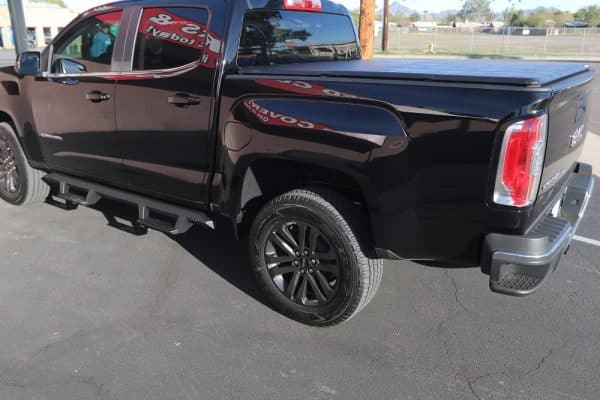 2015-2023 Chevy Colorado/GMC Canyon 5' Bed N-FAB Epyx Nerf Bars - Truck ...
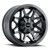 Vision Se7en 12x7 Matte Black Wheel Vision Se7en 416 4x110  2.5 416-127110MB4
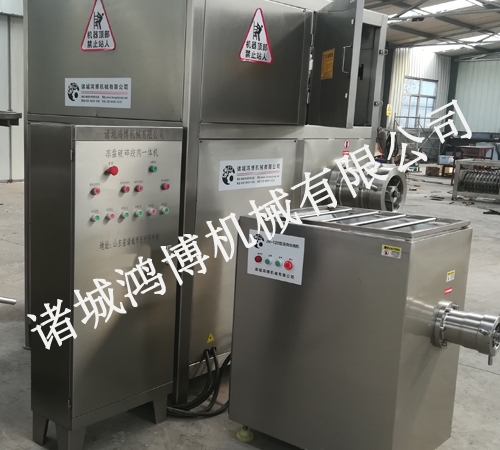 250型大型鸡骨架绞肉机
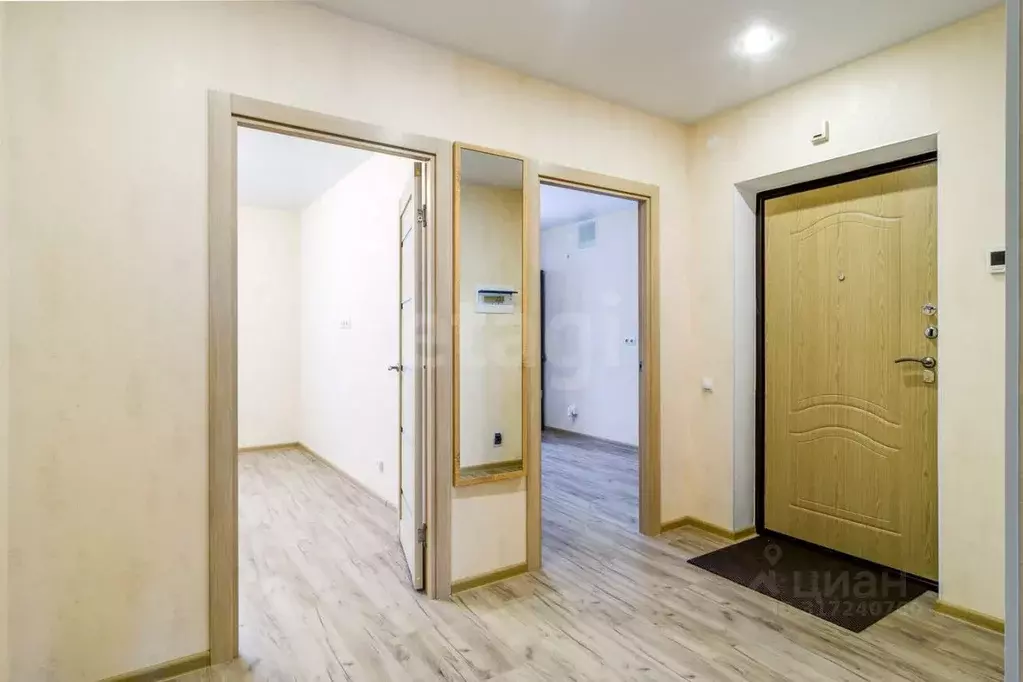 2-к кв. Татарстан, Казань ул. Азата Аббасова, 3 (52.97 м) - Фото 0
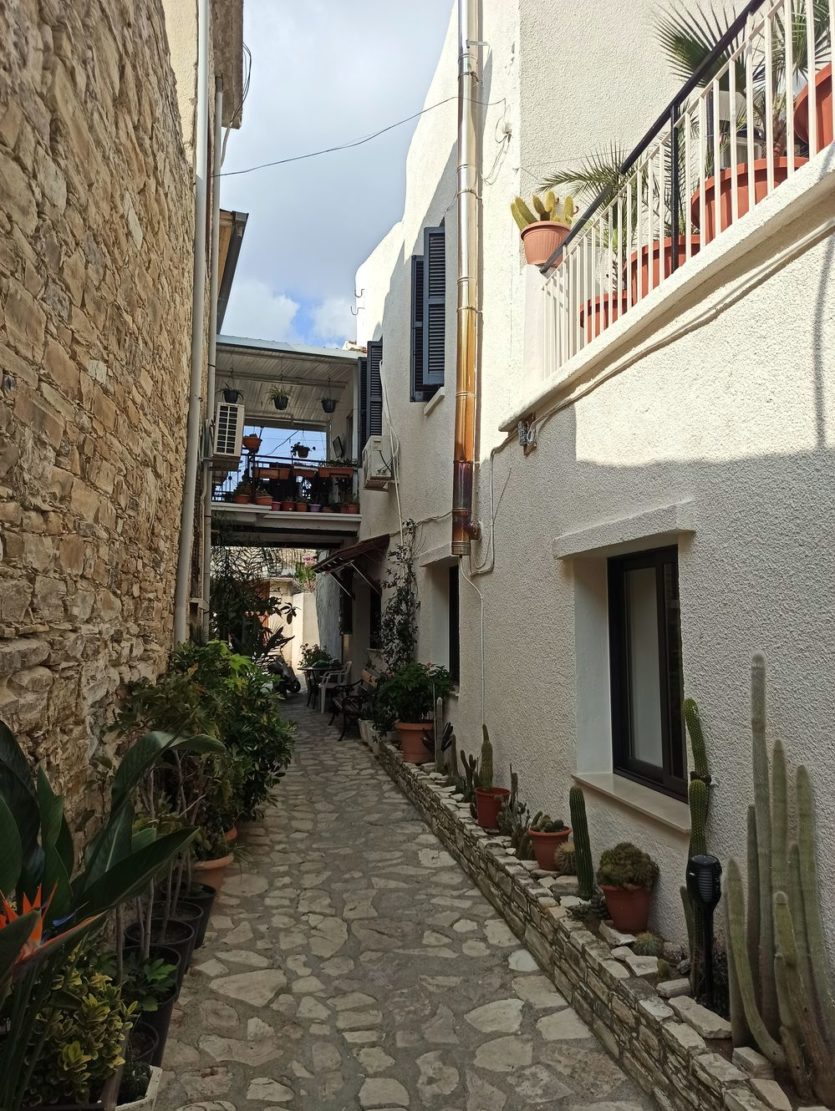 Village of Lefkara in Cyprus Village of Lefkara in Cyprus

——————

• **Aim of the task**: With the pictures removed, set down the entire listing exactly.

• **Exercise solution**:
 2015-2023 Chevy Colorado/GMC Canyon 5' Bed N-FAB Epyx Nerf Bars - Truck ...
 Vision Se7en 12x7 Matte Black Wheel Vision Se7en 416 4x110  2.5 416-127110MB4
 250型大型鸡骨架绞肉机
 2-к кв. Татарстан, Казань ул. Азата Аббасова, 3 (52.97 м) - Фото 0
 Village of Lefkara in Cyprus Village of Lefkara in Cyprus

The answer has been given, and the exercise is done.